Task brief:
Below are some records. Retype exactly the lines from the one containing "LSL Tour Match" through the one containing "Kid's Box 3 - Unit 0 - Ex4 p.5 (CD1.4)", both included, skipping every picture.

Material provided:
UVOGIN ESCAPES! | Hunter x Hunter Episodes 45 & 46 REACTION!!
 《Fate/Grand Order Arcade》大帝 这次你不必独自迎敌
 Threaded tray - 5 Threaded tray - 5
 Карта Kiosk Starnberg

--

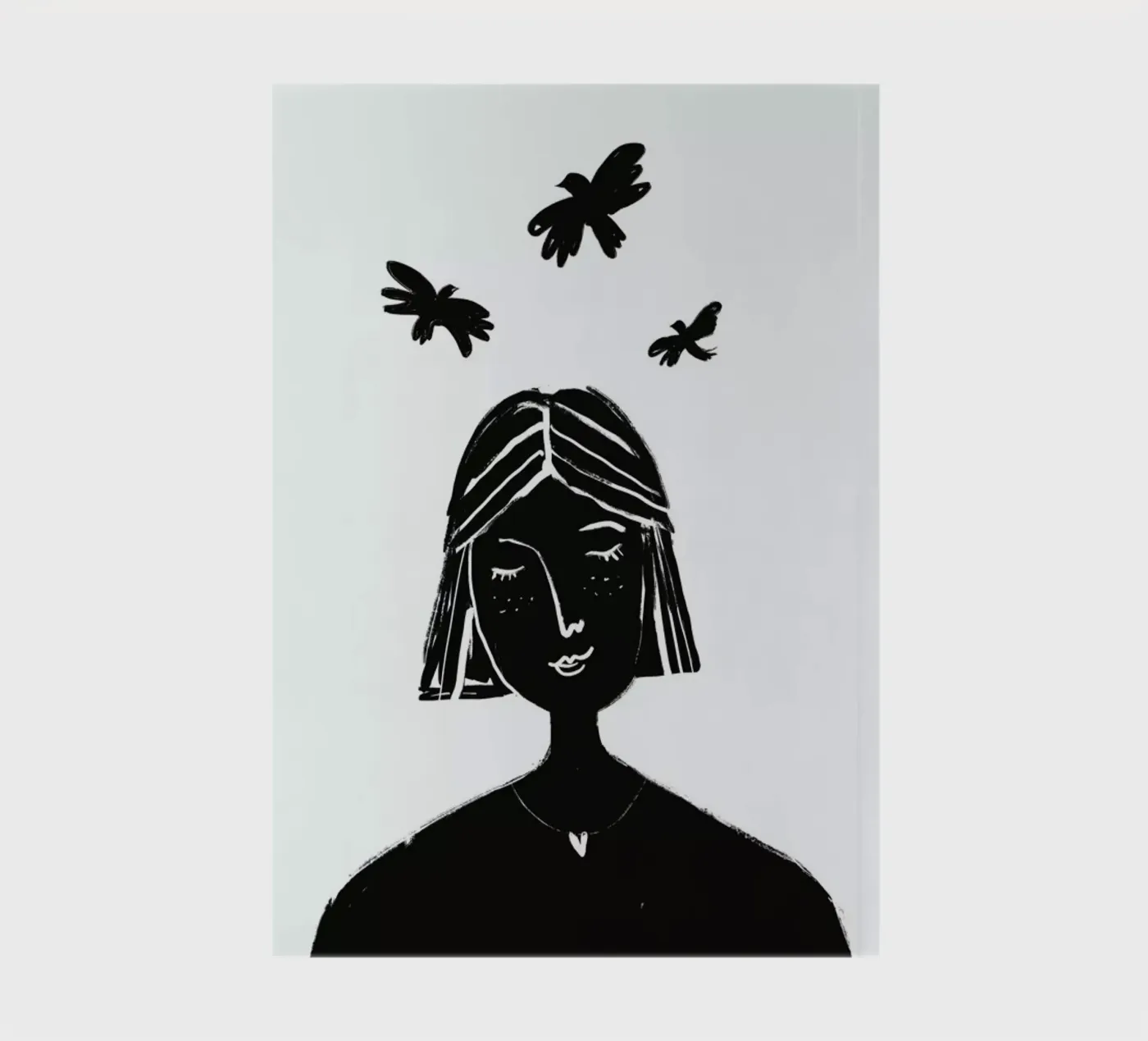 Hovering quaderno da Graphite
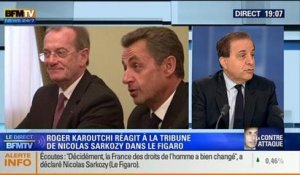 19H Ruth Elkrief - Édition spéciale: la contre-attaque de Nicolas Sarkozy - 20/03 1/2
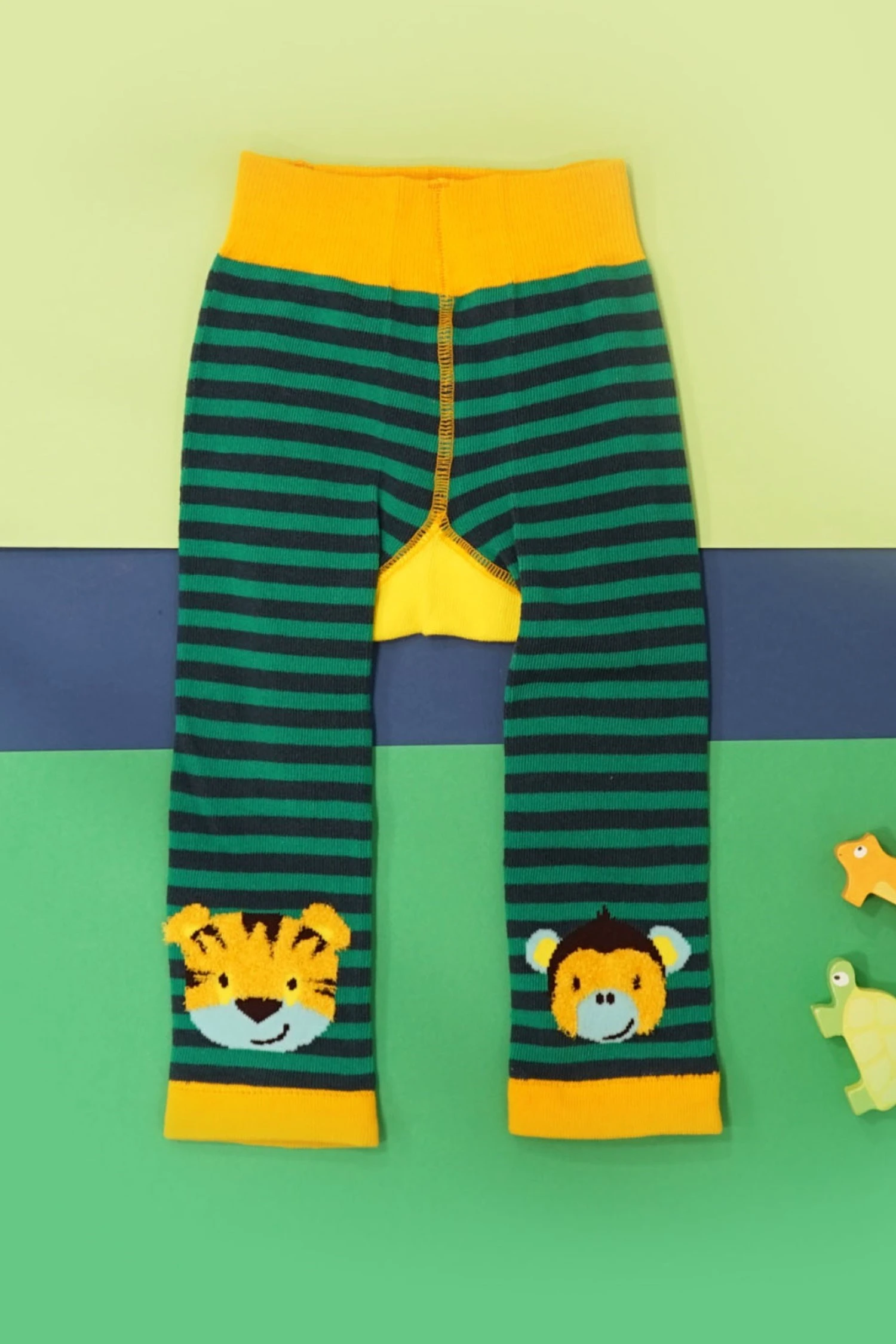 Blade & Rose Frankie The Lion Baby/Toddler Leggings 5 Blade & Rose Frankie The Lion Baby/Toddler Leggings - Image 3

--

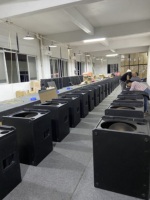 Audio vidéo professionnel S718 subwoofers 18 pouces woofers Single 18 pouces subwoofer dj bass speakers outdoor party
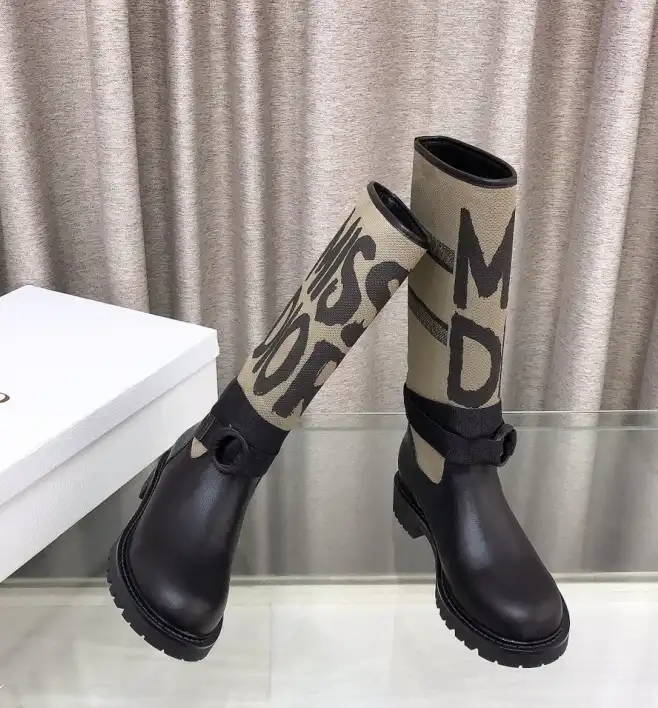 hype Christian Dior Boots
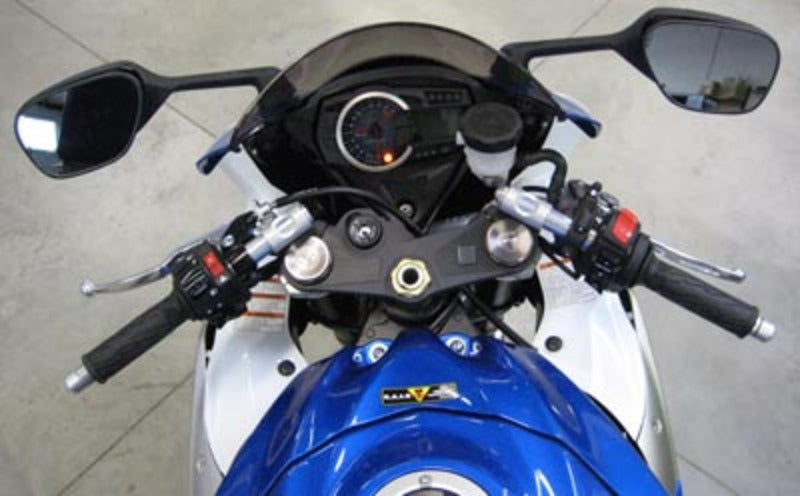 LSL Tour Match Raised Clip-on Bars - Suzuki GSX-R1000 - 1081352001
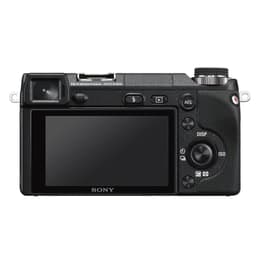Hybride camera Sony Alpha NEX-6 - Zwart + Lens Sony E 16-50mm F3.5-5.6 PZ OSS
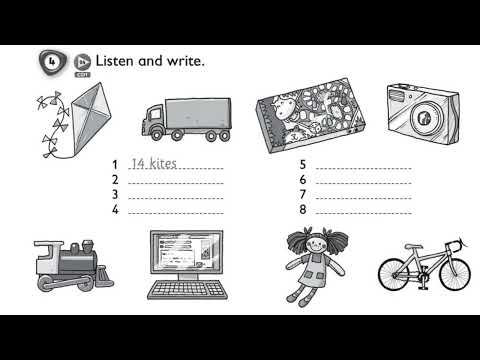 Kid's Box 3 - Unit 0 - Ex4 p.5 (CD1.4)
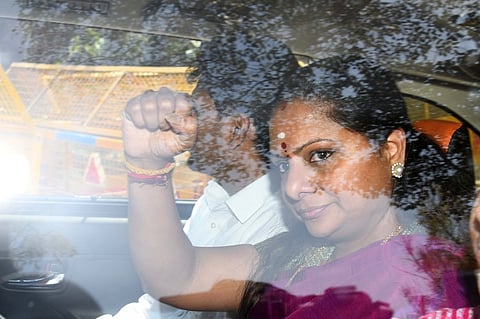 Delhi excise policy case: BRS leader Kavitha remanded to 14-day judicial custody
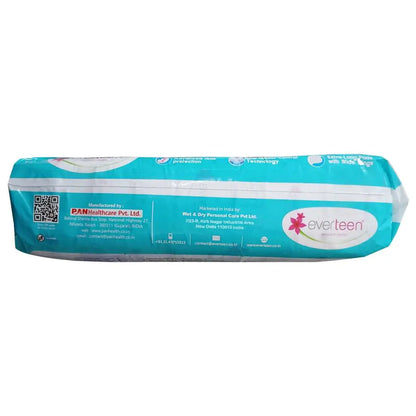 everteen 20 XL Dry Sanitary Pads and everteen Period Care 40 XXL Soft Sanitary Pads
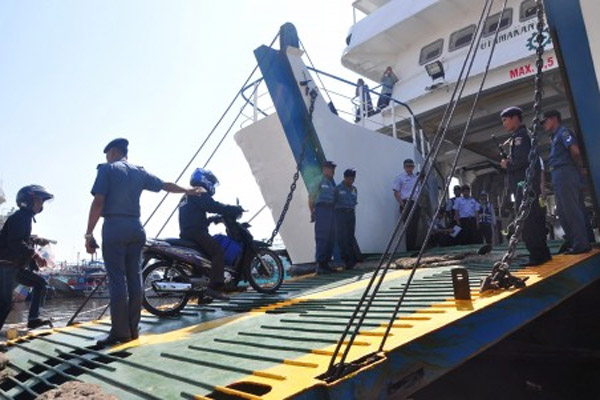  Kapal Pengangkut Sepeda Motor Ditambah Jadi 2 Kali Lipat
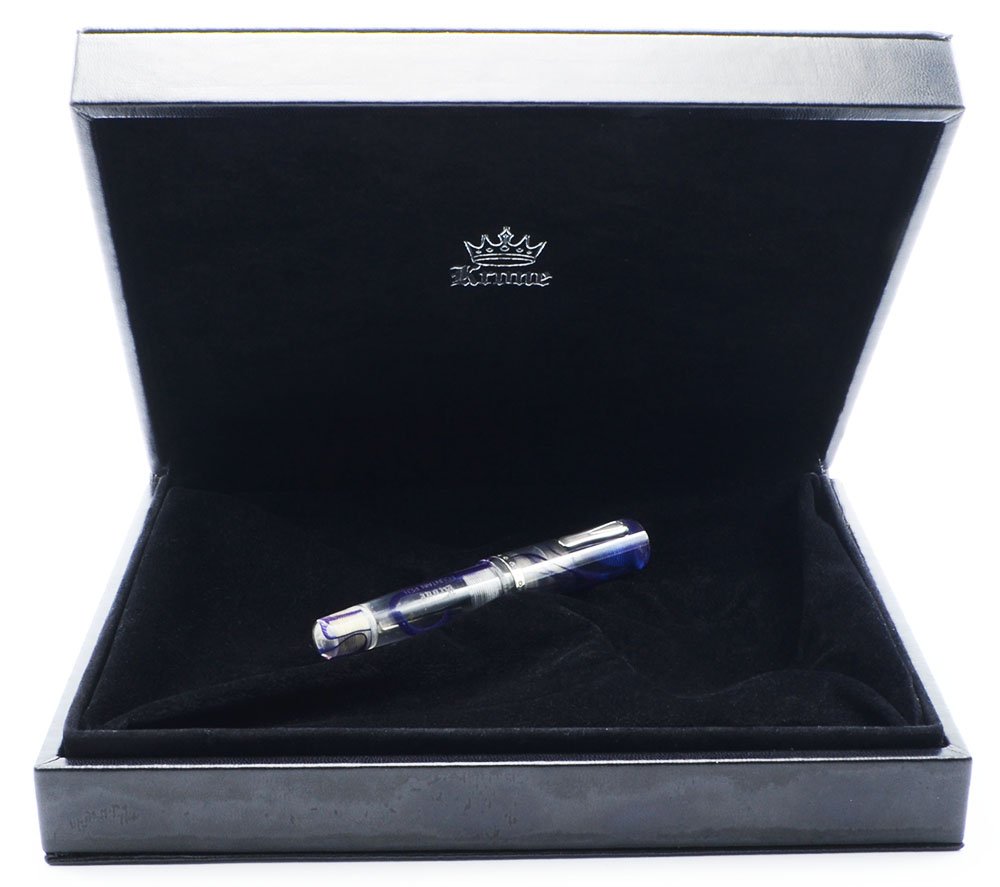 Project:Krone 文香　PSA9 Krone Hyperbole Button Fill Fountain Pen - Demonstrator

Solution below:
 LSL Tour Match Raised Clip-on Bars - Suzuki GSX-R1000 - 1081352001
Hybride camera Sony Alpha NEX-6 - Zwart + Lens Sony E 16-50mm F3.5-5.6 PZ OSS
 Kid's Box 3 - Unit 0 - Ex4 p.5 (CD1.4)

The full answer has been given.